▶ _Task to complete_: Each line below has to be set down again exactly.

▶ _Given information_:
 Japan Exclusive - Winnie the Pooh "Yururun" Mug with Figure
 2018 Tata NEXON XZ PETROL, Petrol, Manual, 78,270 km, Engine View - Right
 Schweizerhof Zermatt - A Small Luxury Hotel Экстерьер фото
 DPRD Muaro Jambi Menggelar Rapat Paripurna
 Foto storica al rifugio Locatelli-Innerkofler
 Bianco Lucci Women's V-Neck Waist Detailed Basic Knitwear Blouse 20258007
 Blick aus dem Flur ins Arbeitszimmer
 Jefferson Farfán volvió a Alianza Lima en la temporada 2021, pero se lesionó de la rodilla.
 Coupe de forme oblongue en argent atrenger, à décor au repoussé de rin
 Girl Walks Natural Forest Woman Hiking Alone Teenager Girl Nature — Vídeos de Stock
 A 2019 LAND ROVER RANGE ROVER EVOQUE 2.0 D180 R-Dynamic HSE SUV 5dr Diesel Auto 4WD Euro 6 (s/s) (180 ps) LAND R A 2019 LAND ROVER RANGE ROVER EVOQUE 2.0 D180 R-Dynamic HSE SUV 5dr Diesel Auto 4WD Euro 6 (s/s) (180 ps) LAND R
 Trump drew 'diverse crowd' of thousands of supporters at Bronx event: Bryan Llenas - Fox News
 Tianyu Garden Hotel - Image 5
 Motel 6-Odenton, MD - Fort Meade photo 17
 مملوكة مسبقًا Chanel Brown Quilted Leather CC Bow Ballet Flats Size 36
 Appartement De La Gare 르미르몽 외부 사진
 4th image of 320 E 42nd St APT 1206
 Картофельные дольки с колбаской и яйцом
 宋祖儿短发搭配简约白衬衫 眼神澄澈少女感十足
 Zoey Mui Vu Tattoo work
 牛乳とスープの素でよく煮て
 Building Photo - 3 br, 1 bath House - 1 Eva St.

▶ _Result of this task_:
 Japan Exclusive - Winnie the Pooh "Yururun" Mug with Figure
 2018 Tata NEXON XZ PETROL, Petrol, Manual, 78,270 km, Engine View - Right
 Schweizerhof Zermatt - A Small Luxury Hotel Экстерьер фото
 DPRD Muaro Jambi Menggelar Rapat Paripurna
 Foto storica al rifugio Locatelli-Innerkofler
 Bianco Lucci Women's V-Neck Waist Detailed Basic Knitwear Blouse 20258007
 Blick aus dem Flur ins Arbeitszimmer
 Jefferson Farfán volvió a Alianza Lima en la temporada 2021, pero se lesionó de la rodilla.
 Coupe de forme oblongue en argent atrenger, à décor au repoussé de rin
 Girl Walks Natural Forest Woman Hiking Alone Teenager Girl Nature — Vídeos de Stock
 A 2019 LAND ROVER RANGE ROVER EVOQUE 2.0 D180 R-Dynamic HSE SUV 5dr Diesel Auto 4WD Euro 6 (s/s) (180 ps) LAND R A 2019 LAND ROVER RANGE ROVER EVOQUE 2.0 D180 R-Dynamic HSE SUV 5dr Diesel Auto 4WD Euro 6 (s/s) (180 ps) LAND R
 Trump drew 'diverse crowd' of thousands of supporters at Bronx event: Bryan Llenas - Fox News
 Tianyu Garden Hotel - Image 5
 Motel 6-Odenton, MD - Fort Meade photo 17
 مملوكة مسبقًا Chanel Brown Quilted Leather CC Bow Ballet Flats Size 36
 Appartement De La Gare 르미르몽 외부 사진
 4th image of 320 E 42nd St APT 1206
 Картофельные дольки с колбаской и яйцом
 宋祖儿短发搭配简约白衬衫 眼神澄澈少女感十足
 Zoey Mui Vu Tattoo work
 牛乳とスープの素でよく煮て
 Building Photo - 3 br, 1 bath House - 1 Eva St.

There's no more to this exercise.